Introduction:
I am a big fan of HCI “Hyper-Converged Infrastructure” technology in general and Microsoft Storage Spaces Direct specifically because of the efforts Microsoft is putting into integrating their Private, Hybrid, and Public Cloud offerings into a full stack of agile, elastic, and scalable software defined solutions including but not limited to software defined storage.
Azure stack which constitutes Microsoft’s private and hybrid cloud offering utilizes storage spaces direct “S2D” and I am assuming now that Microsoft Azure underlying infrastructure has been upgraded to Server 2016, they are using S2D or an abstract of the same technology to deliver VMs and storage services to Azure subscribers.
This gives me big confidence in that Microsoft will continue to enhance, optimize and support their storage spaces HCI offering in the future. We have seen this recently with the production release of Windows Admin Center previously labeled project Honolulu that eases the management of S2D clusters and also with the support of hosting an S2D cluster on the public cloud that is Microsoft Azure.

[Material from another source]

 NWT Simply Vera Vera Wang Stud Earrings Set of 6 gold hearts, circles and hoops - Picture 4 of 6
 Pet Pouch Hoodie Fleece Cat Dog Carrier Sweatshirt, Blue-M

Being a VDI guy myself, a use case for S2D would be a fast reliable highly available share repository for users profile and data hosted on the cloud when utilizing Microsoft Azure to host my VDI infrastructure along with Citrix Cloud of course . I have blogged about building an S2D cluster on Azure for the same purpose HERE.
In September 2017, Microsoft Azure made news at least to me by announcing the public preview of global VNet Peering in only three regions. This was major news because of the possibilities this technology opens in terms of Disaster Recovery, Multi-Site, and Extended-Sites environments because of the ability to peer different regions not to mention offer a reliable low latency high-bandwidth internal network between networks hosted in different geographical locations.

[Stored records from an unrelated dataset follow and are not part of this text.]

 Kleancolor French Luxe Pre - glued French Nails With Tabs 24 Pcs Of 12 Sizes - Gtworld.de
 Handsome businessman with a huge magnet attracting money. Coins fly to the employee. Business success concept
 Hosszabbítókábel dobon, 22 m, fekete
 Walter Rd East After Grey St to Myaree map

In March 2018, Microsoft announced that Global VNet Peering is now generally available for production environments in ten regions listed HERE. “Global VNet Peering enables resources in your virtual network to communicate across Azure regions privately through the Microsoft backbone. VMs across virtual networks can communicate directly without gateways, extra hops, or transit over the public internet. This allows a high-bandwidth, low-latency connection across peered virtual networks in different regions”.
Citrix Cloud with Microsoft Azure for VDI environments is something that just makes sense no matter how you look at it. I have blogged about Citrix XenDesktop “on-premises” Active Passive and Active Active high availability considerations HERE and HERE so when global VNet peering was generally available, the first thing that popped into my head was what would that mean for an active active approach to Citrix VDI infrastructure.
The biggest hassle in any Active-Active approach to VDI was and still is, maintaining the availability of User Profiles and Data in a supported manner across different geographical locations which normally constitutes of different networks and more importantly some form of storage replication. Though many vendors might sell you on the idea that SAN devices across WAN links can be pooled “such as Dell EMC VPLEX” still Microsoft does not support replicating profiles in an active-active manner no matter the underlying technology, and the consistency of user data will heavily rely on your WAN link latency and bandwidth on top of the SAN device replication mechanism itself.
Stretched sites have completely different considerations when it comes to a multi-site approach because components in those sites act as if they belong to the same site given that a high bandwidth low latency link exists. These sites will combine storage devices in a single pool rather than clustered replication and mostly extend L2 network as well, but are very difficult to achieve when your DR or remote sites are geographically scattered in different areas and regions.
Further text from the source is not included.